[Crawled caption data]
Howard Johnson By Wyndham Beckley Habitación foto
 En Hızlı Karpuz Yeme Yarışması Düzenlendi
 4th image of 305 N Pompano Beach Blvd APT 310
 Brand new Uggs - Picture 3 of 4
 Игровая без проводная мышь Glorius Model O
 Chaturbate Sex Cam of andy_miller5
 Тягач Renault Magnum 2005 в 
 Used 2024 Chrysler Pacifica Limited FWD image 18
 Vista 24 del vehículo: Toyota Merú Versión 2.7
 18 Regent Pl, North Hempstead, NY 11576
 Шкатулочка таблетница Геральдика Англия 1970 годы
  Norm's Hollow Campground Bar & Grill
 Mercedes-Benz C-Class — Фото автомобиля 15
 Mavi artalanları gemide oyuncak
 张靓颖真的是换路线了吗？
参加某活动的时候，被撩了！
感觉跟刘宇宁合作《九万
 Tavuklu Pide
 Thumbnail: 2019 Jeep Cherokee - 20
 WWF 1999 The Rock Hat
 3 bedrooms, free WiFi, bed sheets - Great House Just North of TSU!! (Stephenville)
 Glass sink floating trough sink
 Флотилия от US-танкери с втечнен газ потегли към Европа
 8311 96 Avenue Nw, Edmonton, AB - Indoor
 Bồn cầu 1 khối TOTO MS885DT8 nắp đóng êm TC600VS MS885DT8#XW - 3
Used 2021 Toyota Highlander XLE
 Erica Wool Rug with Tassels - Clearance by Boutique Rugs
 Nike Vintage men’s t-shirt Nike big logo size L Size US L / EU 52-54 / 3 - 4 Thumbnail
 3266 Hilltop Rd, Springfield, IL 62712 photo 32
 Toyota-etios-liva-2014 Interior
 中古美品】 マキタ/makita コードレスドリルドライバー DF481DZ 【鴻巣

■ EXERCISE INSTRUCTIONS:
Looking back over the data above, restate word for word the lines that begin at the line with "3 bedrooms, free" and end at the line with "Erica Wool Rug", inclusive.

■ FINISHED EXERCISE:
 3 bedrooms, free WiFi, bed sheets - Great House Just North of TSU!! (Stephenville)
 Glass sink floating trough sink
 Флотилия от US-танкери с втечнен газ потегли към Европа
 8311 96 Avenue Nw, Edmonton, AB - Indoor
 Bồn cầu 1 khối TOTO MS885DT8 nắp đóng êm TC600VS MS885DT8#XW - 3
Used 2021 Toyota Highlander XLE
 Erica Wool Rug with Tassels - Clearance by Boutique Rugs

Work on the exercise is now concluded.